I had an event in Washington two weeks ago and had a good visit with Tony Blinken, whom I like a lot. I think he could project strength a bit more, but they have done a pretty good job of walking the fine line between helping Ukraine and not triggering a broader conflict. They’ve got to be careful about how they do that. They may have been a little bit over careful. Finally, now it looks like we're going to have another $800 billion lethal equipment assistance package. We need to provide the Ukrainians with the means necessary to defend themselves, but we don't need another land war way across the ocean. And so, I think they're doing a reasonably good job on that. I think we've been very slow.  The Europeans, believe it or not, are leading. And that never happened when we were there. I'm sure it didn't happen when 43 was there.

Q: I have to ask about the recount. You were sent to Florida in 2000. How'd you approach that task when you showed up in Tallahassee, Florida? And talk about what you saw in President Bush 43’s leadership?

When I got in Tallahassee, we didn't have any big people, we didn't have any troops on the ground. We had six Republican lawyers at the Florida Republican Party headquarters. That was it. I tell people that I formed the best and biggest law firm in the United States over those 34 days. We got good people from a lot of places. And we got really strong support from the governor and from Cheney as the Vice Presidential nominee. And, we were fortunate enough to win. I used to walk down the street and people would come up to me and say, “thank you for what you've done for the country.” I’d say, that's very nice of you. Thank you. I was the last Cold War Secretary of State. “No, no. I'm talking about what you did in Florida.” I got a lot of that.
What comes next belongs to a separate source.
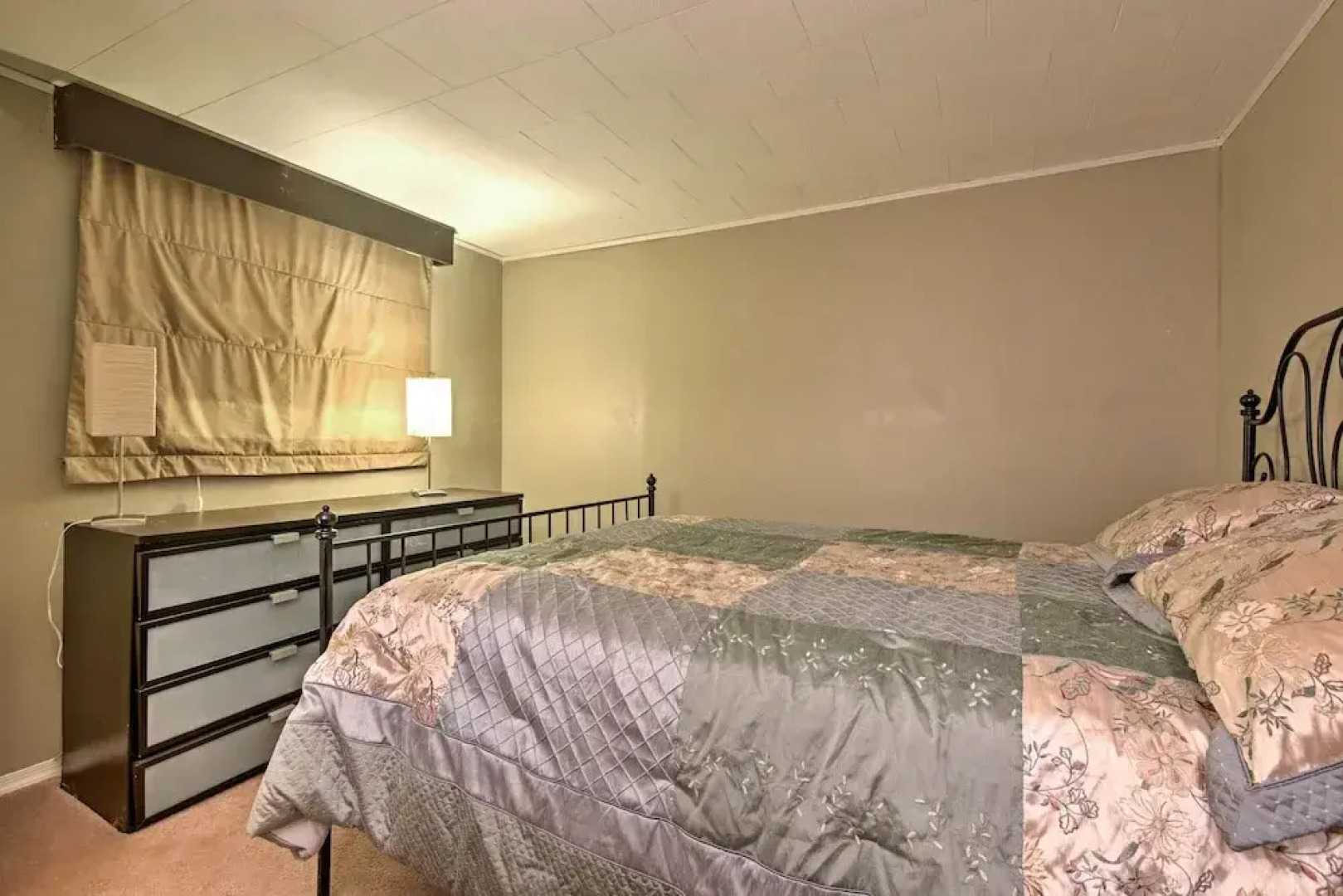 Cozy Arrowhead Lake Home w/ Sunroom + Pool Access!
I've never known anybody that brought the country together in a bigger or better way than he did in the aftermath of 9/11. That's leadership. His efforts for justice, equality is leadership, the Millennium Challenge, the No Child Left Behind. All of that are great examples of leadership. I also think that 43 has handled his post presidency perfectly. You don't see him out there as a talking head or criticizing his former opposite. That's, that's really the best way for a former president, my view, and he's done a superlative job of that. And look at the work you're doing here. For the for the less fortunate in Africa. Leadership is nothing more than knowing what to do and doing it. And that's 43. There's also his Daddy. They both knew what to do. And 43 is excellent at the second part of that, which is doing it, that's the hard part.
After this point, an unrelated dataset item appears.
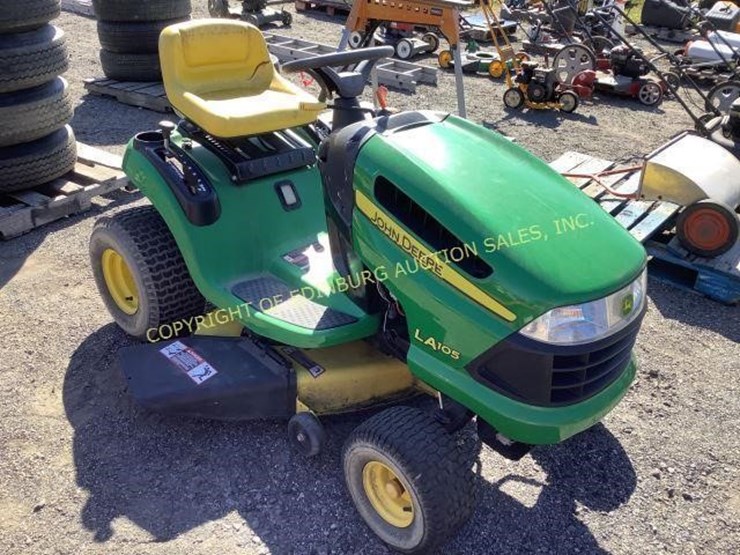 JOHN DEERE LA105 Lot 3577, Online Consignment Auction, 10/15/2021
BONUS QUESTION: I want to end on it on a fun question and know a little bit more about football games between the Baker boys and the Bush boys. What were those like?

Some people used to say that W was an in-your-face kind of guy. Well, let me tell you something. On the gridiron on Green Tree Road at the end, just in front of the bayou where the Bush boys would play the Baker boys on Thanksgiving in the Turkey Bowl, he was the star of the game. He was he was the toughest guy out there, too.